The Transparency Group filed graft complaints last week with the Office of the Ombudsman against Department of Public Works and Highways (DPWH) Undersecretary Salvador Pleyto and BOC deputy commissioner Gil Valera.
Also charged were DPWH Region 4-B director Romeo Panganiban, BOC deputy collector in Clark Jaime Maglipon, and BOC miscellaneous division chief Flor Aguilar.
The accused government officials have allegedly accumulated real estate properties, luxury vehicles, and other assets that were "grossly disproportionate with (their) lawful income," in addition to other charges such as going on expensive foreign trips without the required travel authority from the Palace.
The filing of charges of "unexplained wealth" against the three Customs officials prompted Bernardo and his four deputies, including Valera, to tender their offers to resign to the President through Camacho, their immediate superior.
The President, however, rejected their courtesy resignations but reassured them they will get "due process" in the lifestyle checks.
Tiglao expressed concern that since these graft charges were filed last week against the five officials who flunked the lifestyle checks, certain officials of the Transparency Group have been receiving "death threats" from unnamed sources.
Meanwhile, Camacho has tapped the services of Tony Man-wai Kwok, former deputy commissioner and head of operations at the Independent Commission Against Corruption in Hong Kong.

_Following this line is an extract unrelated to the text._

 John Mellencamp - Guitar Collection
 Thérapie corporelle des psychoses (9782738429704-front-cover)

Kwok joined the ICAC in 1975.
Camacho brought Kwok to the Palace yesterday to meet with the President, whom Kwok later noted was "receptive" to his proposed strategy to fight corruption in the Philippines.

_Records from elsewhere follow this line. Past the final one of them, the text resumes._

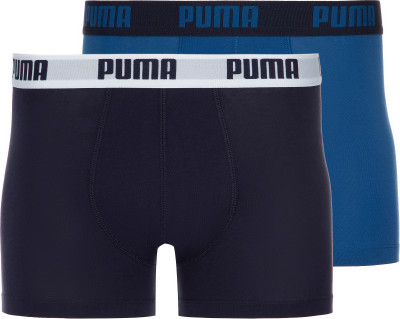 Трусы мужские Puma Basic Boxer, 2 штуки 8888693-XL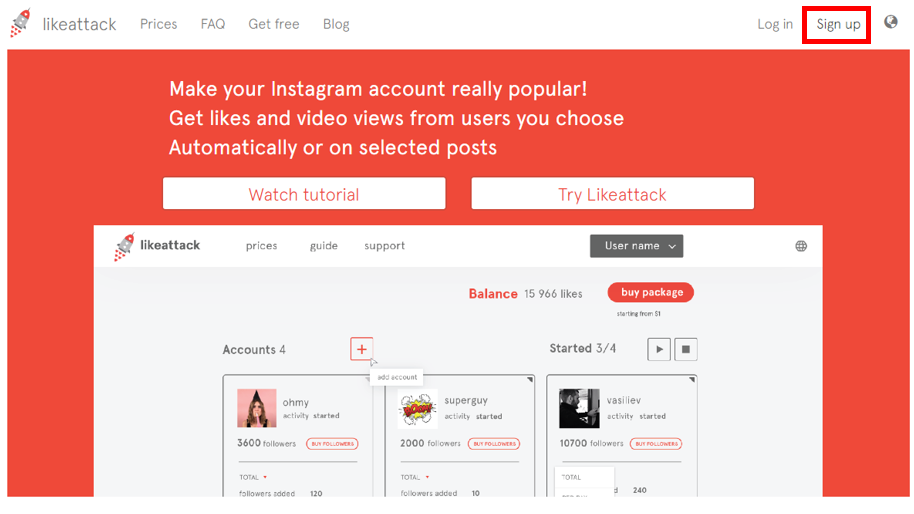 LIKEATTACK gallery image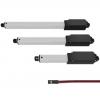 Actuonix Elektrický lineární aktuátor 50 mm, řada: L16 6V, zatížení: 200N 8mm/s, cyclus: 20 %, celková dělka: 118 mm, Actuonix Elektrický lineární aktuátor 50 mm, řada: L16 6V, zatížení: 200N 8mm/s, cyclus: 20 %, celková dělka: 118 mm,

Kwok told Palace reporters he came to Manila "on the invitation" of the finance chief, who sought his help on how to conduct the Philippine governments anti-graft campaign, which could be patterned after a successful anti-graft program that helped clean up the bureaucracy in Hong Kong.
During his meeting with the President, Kwok stressed the need for "political will" in conducting a no-nonsense anti-graft drive and supported by legislative measures passed by Congress.
Camacho said that Kwok, prior to meeting the President, conducted a seminar for DOF officials and employees, including their own lifestyle investigators.
Kwok will also conduct a series of seminars for the BIR, BOC, the Civil Service Commission and the Office of the Ombudsman to brief them on "effective" anti-corruption strategies.
"I came here for voluntary work to share my experience in Hong Kong practice in the fight against graft and corruption," Kwok told the President.
To help the Philippine governments anti-graft campaign, Kwok recommended three strategies used by the ICAC: pursuing the corrupt through effective detection, investigation and prosecution; eliminating opportunities for corruption by introducing corruption-resistant practices; and educating the public on the evils of corruption and fostering their support in fighting corruption.